I dati L’incremento percentuale della spesa totale in Umbria si attesta al +16,1 per cento, un dato che si allinea alla media del Centro Italia (+16,1 per cento) e supera lievemente la media nazionale (+16,0 per cento). Nella graduatoria nazionale relativa all’impatto assoluto dei rincari, la regione si posiziona al 17esimo posto.
I carburanti L’analisi per singole tipologie di consumo evidenzia il notevole peso della spesa per i carburanti, che registra in Umbria un aumento del +20,8 per cento, corrispondente a 239 milioni di euro aggiuntivi e a un totale complessivo di 1,389 miliardi di euro. L’Umbria, dove sabato secondo i dati del Mimit il gasolio in media si attesta a 2,16 euro al litro e la benzina a 1,97, si colloca al decimo posto in Italia per intensità del rincaro sul comparto carburanti, preceduta nel Centro Italia soltanto dalle Marche (+21,0 per cento).

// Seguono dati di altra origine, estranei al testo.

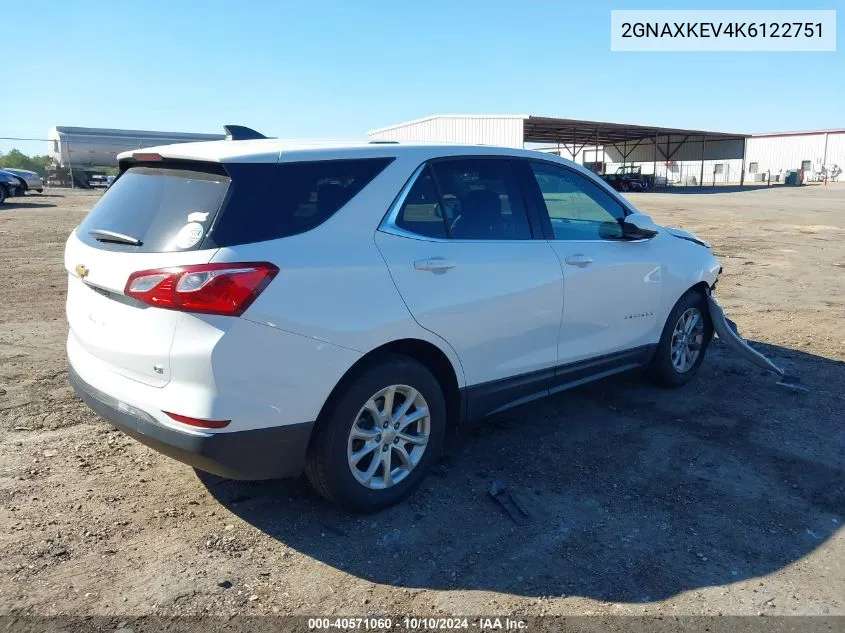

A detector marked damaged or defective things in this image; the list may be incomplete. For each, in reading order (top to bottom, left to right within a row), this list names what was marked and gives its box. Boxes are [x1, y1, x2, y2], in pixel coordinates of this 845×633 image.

hanging broken trim piece [704, 292, 808, 390]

Gas Particolarmente accentuato risulta l’aumento del costo del gas, per il quale l’Umbria registra un +14,9 per cento, pari a 87 milioni di euro in più e a una spesa finale di 671 milioni. Si tratta dell’incremento percentuale più elevato tra tutte le regioni del Centro Italia, superiore al dato del Lazio (+14,3 per cento), della Toscana (+14,7 per cento) e delle Marche (+14,4 per cento), oltre che alla media nazionale (+14,6 per cento).

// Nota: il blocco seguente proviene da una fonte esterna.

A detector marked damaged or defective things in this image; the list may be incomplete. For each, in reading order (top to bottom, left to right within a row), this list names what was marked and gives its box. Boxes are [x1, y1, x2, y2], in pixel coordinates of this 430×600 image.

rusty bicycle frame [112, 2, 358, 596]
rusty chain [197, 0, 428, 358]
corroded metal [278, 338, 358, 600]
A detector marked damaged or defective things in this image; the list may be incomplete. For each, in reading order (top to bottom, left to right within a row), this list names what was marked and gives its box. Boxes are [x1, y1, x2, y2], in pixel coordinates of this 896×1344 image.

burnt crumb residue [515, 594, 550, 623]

Energia elettrica Per quanto concerne l’energia elettrica, l’aumento stimato in Umbria è del 12,8 per cento, pari a 181 milioni di euro aggiuntivi per un totale di 1,592 miliardi. La variazione risulta sostanzialmente identica alla media nazionale e a quella del Centro, entrambe attestate al +12,9 per cento.
In Italia A livello nazionale, la stima della spesa aggiuntiva per famiglie e imprese ammonta a 28,9 miliardi di euro (+16 per cento), per un totale di 209,6 miliardi di euro. La Cgia sottolinea come si tratti di «un conto salato che rischia di pesare soprattutto sulle famiglie economicamente più fragili, sulle aziende di trasporto di persone/merci e sulle imprese a elevato consumo di energia».

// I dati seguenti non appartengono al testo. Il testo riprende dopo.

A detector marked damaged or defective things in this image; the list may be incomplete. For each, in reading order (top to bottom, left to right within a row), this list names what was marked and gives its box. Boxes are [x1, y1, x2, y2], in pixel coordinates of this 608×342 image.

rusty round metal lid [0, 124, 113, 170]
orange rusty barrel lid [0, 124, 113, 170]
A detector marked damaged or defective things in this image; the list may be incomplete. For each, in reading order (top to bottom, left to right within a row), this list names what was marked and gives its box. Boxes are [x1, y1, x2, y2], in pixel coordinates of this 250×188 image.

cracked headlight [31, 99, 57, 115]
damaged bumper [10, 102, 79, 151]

Le regioni L’origine dei rincari si lega all’andamento dei mercati a cinque mesi dall’inizio del conflitto nel Golfo Persico. Dal punto di vista geografico, i rincari in termini assoluti colpiscono in misura maggiore i territori a più alta densità abitativa e produttiva, quali Lombardia (+5,4 miliardi), Emilia-Romagna (+3 miliardi) e Veneto (+2,9 miliardi). A questo proposito, gli analisti evidenziano che «è evidente che a subire l’impatto più pesante saranno le aree geografiche più popolose e con la maggiore vocazione manifatturiera e commerciale del Paese».
Il Governo Sul piano delle contromisure, il Governo ha finora stanziato 7 miliardi di euro per calmierare le bollette e ridurre le accise sui carburanti, coprendo circa un quarto dell’aggravio stimato. L’esecutivo, sotto pressione da parte di opposizioni e mondo economico, sta ora pensando a un altro intervento a breve sulle accise. In merito al ruolo delle istituzioni comunitarie, il centro studi rimarca come «di fronte a uno scenario così preoccupante, l’Unione Europea sembra essere la grande assente. Un atteggiamento ben diverso da quello adottato dopo l’invasione russa dell’Ucraina».